Amityville Rights Holders Look To “Get Out” Of The Weinstein Co. Bankruptcy Sale

The Lutz family, whose experiences in the haunted house inspired The Amityville Horror book and motion pictures, is looking to get out of The Weinstein Company’s bankruptcy sale.

The family’s Amityville Enterprises says Dimension Films’ option to develop motion pictures or TV shows based their encounters with paranormal activity in the Long Island home expired on February 8, a month before Weinstein Co. filed for bankruptcy. It has filed legal documents asking the bankruptcy court judge to withdraw the option rights from the court-supervised sale of the company’s assets.

Dimension Films

George Lutz said he entered into an agreement with Weinstein’s Dimension Films in 2002 to develop a sequel to the successful 1979 film The Amityville Horror. That initial agreement was modified to contemplate more than one film production or TV series.

Time ultimately ran out on those rights, which reverted to Lutz on October 31, 2009.

The Weinstein Co. entered into a subsequent agreement that gave it the option to develop a feature-length film within 36 months. It exercised the option in May 2011 and, in early 2014, began filming Amityville: The Awakening.

Principal filming concluded in May 2014, but the Weinstein Co. delayed release of the picture for years — ultimately offering it free on Google Play and in a limited, one-day theatrical run in just 10 theaters. Published reports estimated the project brought in a mere $800 versus the $86 million box office for the original film.

The 2011 agreement grants The Weinstein Co. the option of a sequel, which is to commence filming within 36 months of the initial commercial release of Amityville: The Awakening or 45 months after completion of principal photography — whichever is earlier.

The Lutz family argues that the clock should start with the filming of Amityville: The Awakening — meaning The Weinstein Co.’s rights expired on February 9. The studio also failed to exercise the option to extend the production deadline by another year, at the cost of $125,000.
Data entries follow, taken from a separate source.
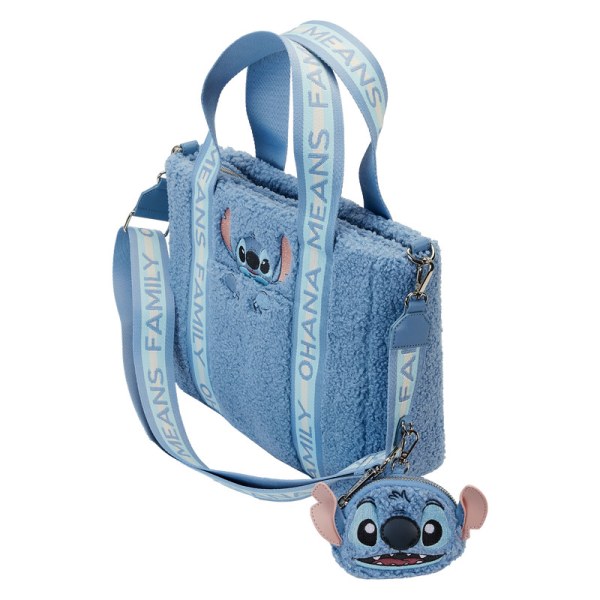 Bolso Tote Stitch en felpa Sherpa con billetera - DISNEY LOUNGEFLY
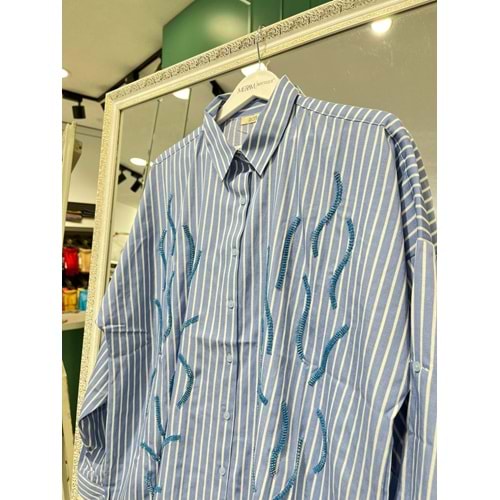 ADN ÇİZGİLİ POPLİN GÖMLEK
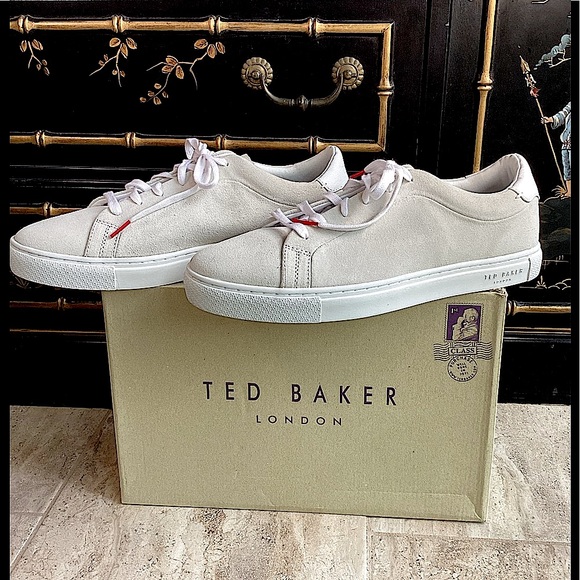 Ted Baker Triloba White Suede Sneakers - Picture 2 of 15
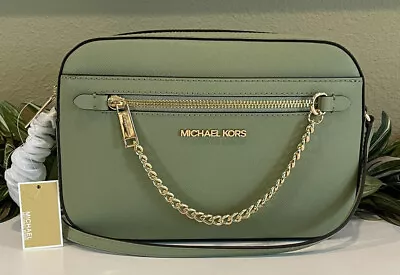 Michael Kors Jet Set Large Zip Chain Crossbody Bag Tote Mk Green Sage Leather • $87.99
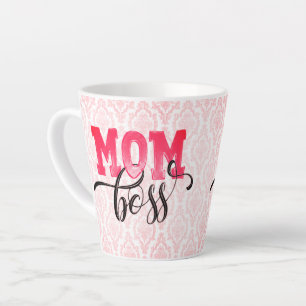 Latte Caneca de Café MOM BOSS Rosa Arabesco Presentes pa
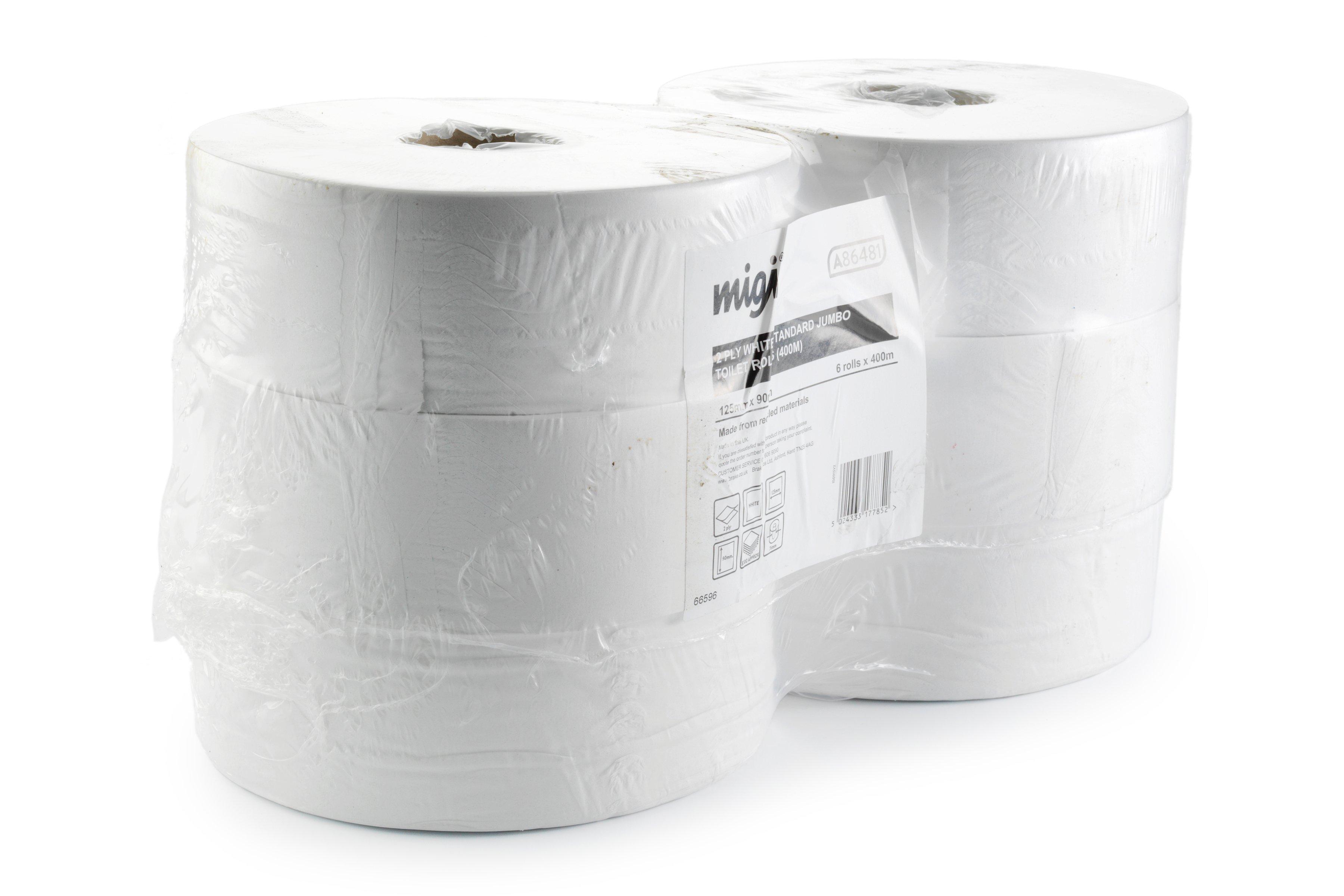 2 Ply White Standard Jumbo Toilet Rolls
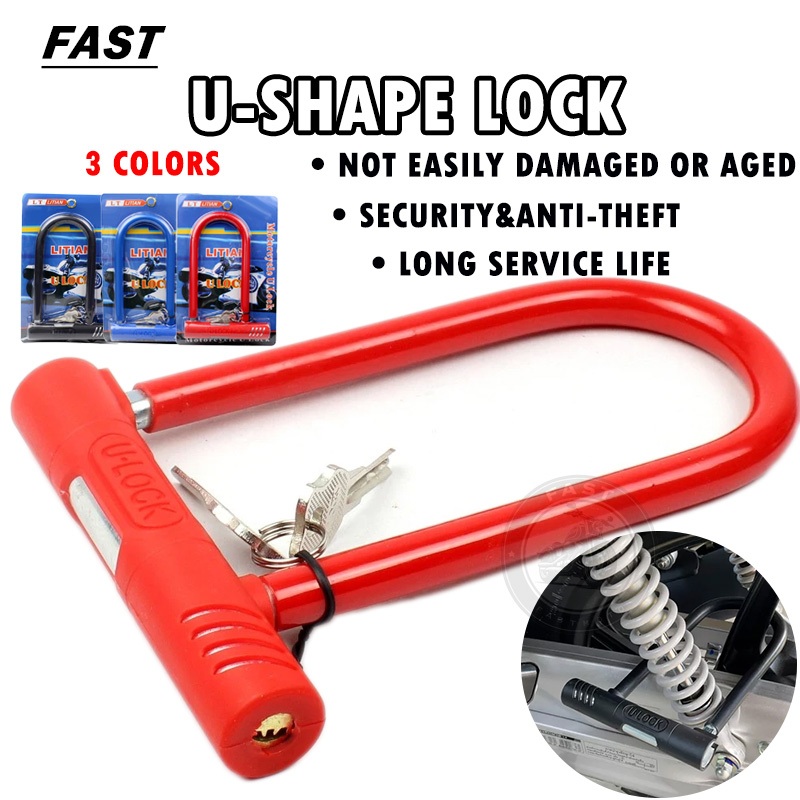 FAST U LOCK Anti-theft Bicycle Motorcycle Lock Heavy Duty Steel ...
After The Weinstein Co. filed for bankruptcy, Amityville Enterprises said received notice that Lantern Entertainment or some other bidder would assume rights to future productions. Amityville Enterprises responded that those rights had reverted to the estate of George Lutz, but it’s received no response.

The family asks the court determine to that Amityville rights can’t be sold as a Weinstein Co. asset.